Breach Avoidance: 4 Tips
Hackers Can't Be Stopped, But They Can be ContainedJosh Corman, research director of the Enterprise Security Practice at The 451 Group, says cyberattacks have taken a targeted tone, whether to prove a point or infiltrate seemingly highly secure systems. "We've been caught with our pants down," he says. "Our arrogance about thinking these things were unbreakable, those chickens have come home to roost."
The IMF and Senate breaches rang an alarm, as some analysts and security experts have suggested links to other attacks waged against Google's Gmail, RSA Security's SecurID multifactor authentication tokens, Lockheed Martin Corp. and L-3 Communications Holdings Inc. [See RSA: SecurID Hack Tied to Lockheed Attack.]
In fact, a link between the Senate hack and attacks on Sony , PBS and Infragard has been confirmed by Lulzsec, the hacking group taking credit for all three attacks. [See Group Claims Hack on Senate Computers and The Burden of Breach Notification.]

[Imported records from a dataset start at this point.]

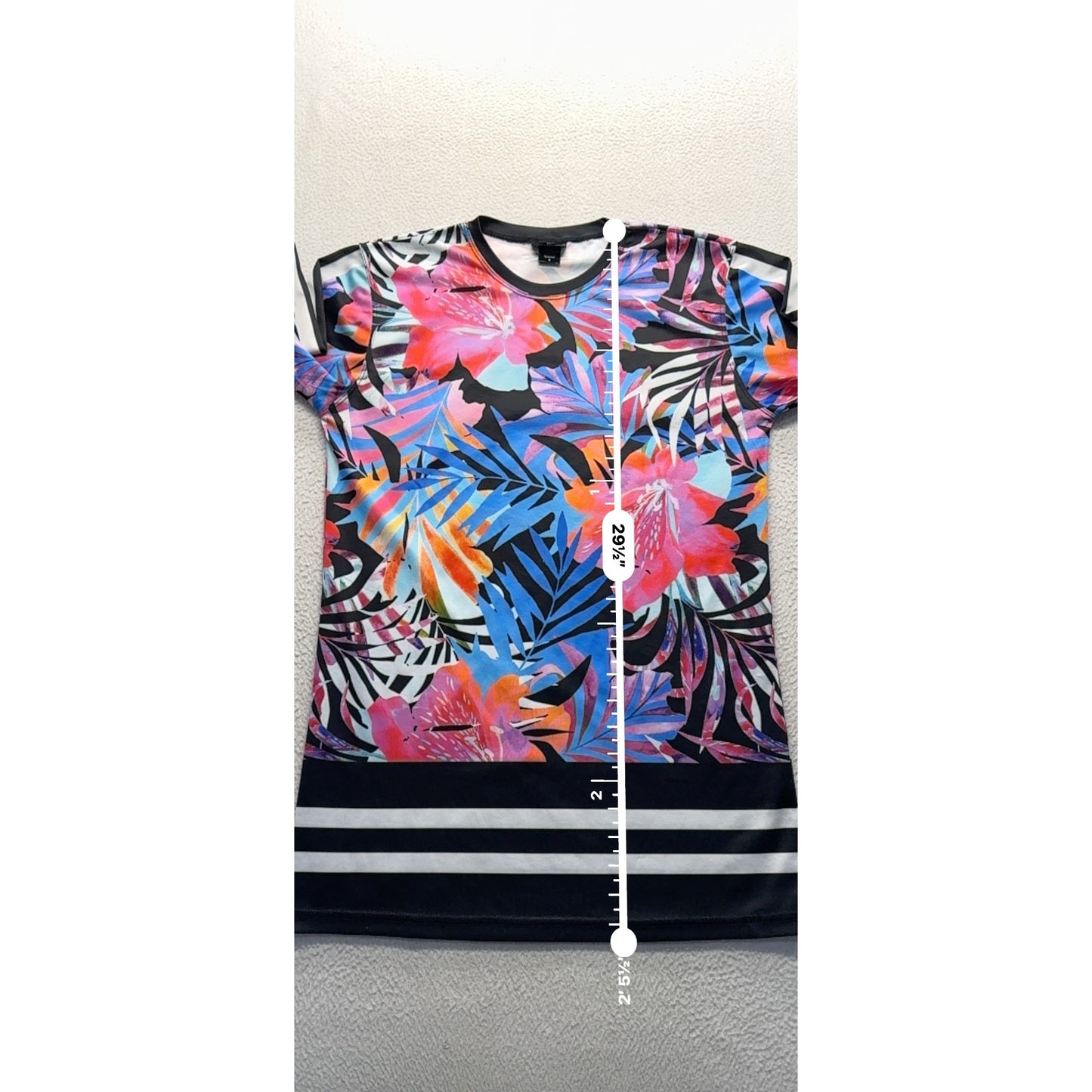 Alexandra Collection Floral & Striped Long Sleeve Top S Black 245B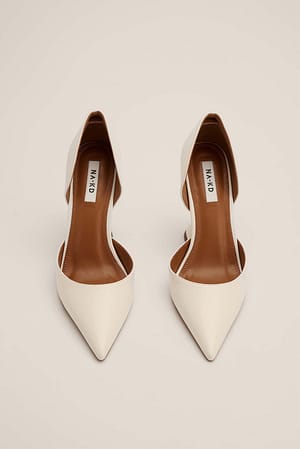 Offwhite Hourglass Pointy Pumps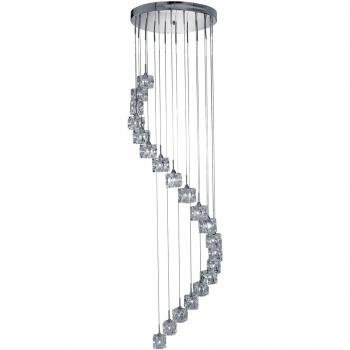 Cubo de hielo LED 20 luces en espiral, suspensión, cromo, vidrio, altura de 3 m, acero, 3.15 W, 3000K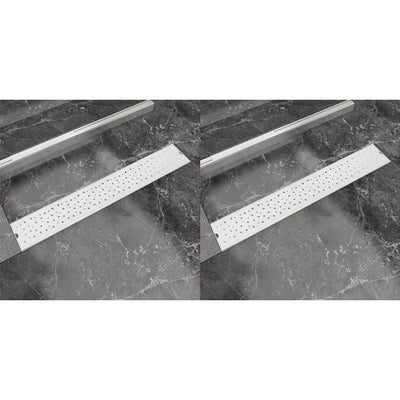 VidaXL Doucheafvoer 2 st rechthoekig bubbel 730x140 mm roestvrij staal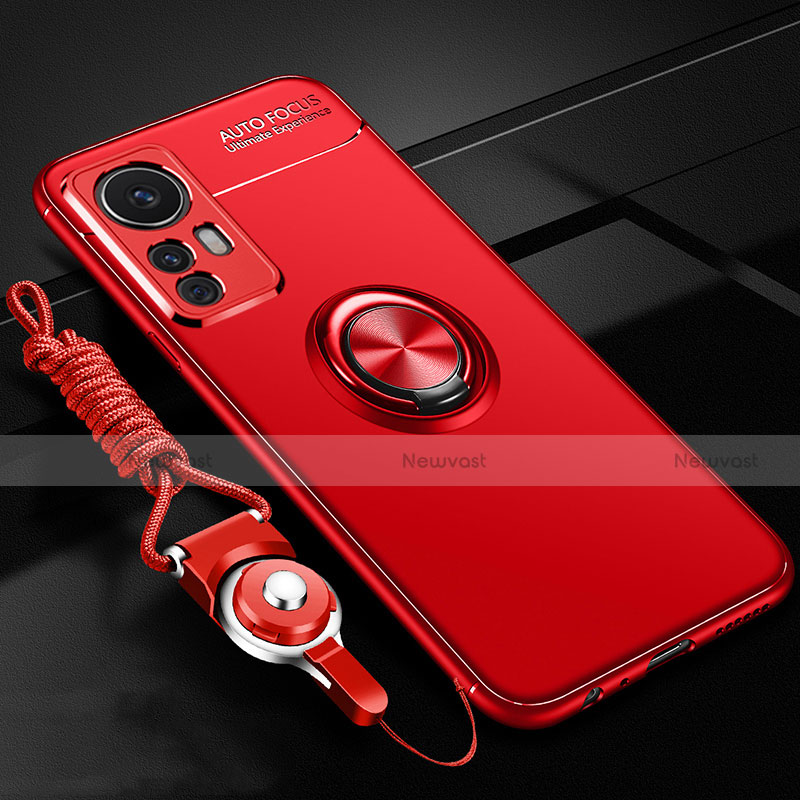 Ultra-thin Silicone Gel Soft Case Cover with Magnetic Finger Ring Stand A06 for Xiaomi Mi 12 5G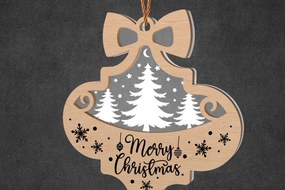 Σετ των 3 Intra απο ξύλο plywood 3mm-4mm πάχος - Στολίδι Χριστουγεννιάτικου Δέντρου με Φιόγκο Δίασταση 6x6 cm INTRAFABR-108957605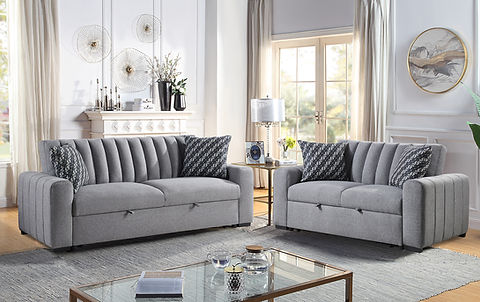 Zaira Grey Boucle Pullout Sleeper Sofa and Loveseat S351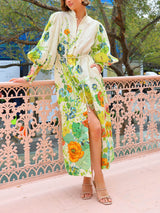 Unique Print Lantern Sleeve Cream Cardigan Style Shirt Dress - Threadford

Fighting Back? What CISOs Can Do
Most experts agree: Once a company or organization has been targeted, there's little it can do to keep hackers out."This avalanche has been waiting to happen for years," says online security expert Neil Schwartzman. "All these data breaches are chickens coming home to roost. Most of these companies have been lucky thus far, and now it's a feeding frenzy in the crime world."
A big part of the problem, Schwartzman says, is that employees have too much access to internal information. "The best thing companies can do is the same stuff we've been talking about for years: make sure the core assets aren't treated with the same priority as some of the lesser systems. It all has to be protected," he says.
Corman says, if nothing else, the Lulzsec hacks have shown a light on security vulnerabilities that should have addressed years if not decades ago. "These attacks are going to escalate," he says. But organizations can implement basic steps to make the hacker's job harder.
Top 4 Recommendations
- Limit access. "The best thing to do is disconnect people from things they don't need to be connected to," Schwartzman says. "Why would they need access to everything? It's sloppy."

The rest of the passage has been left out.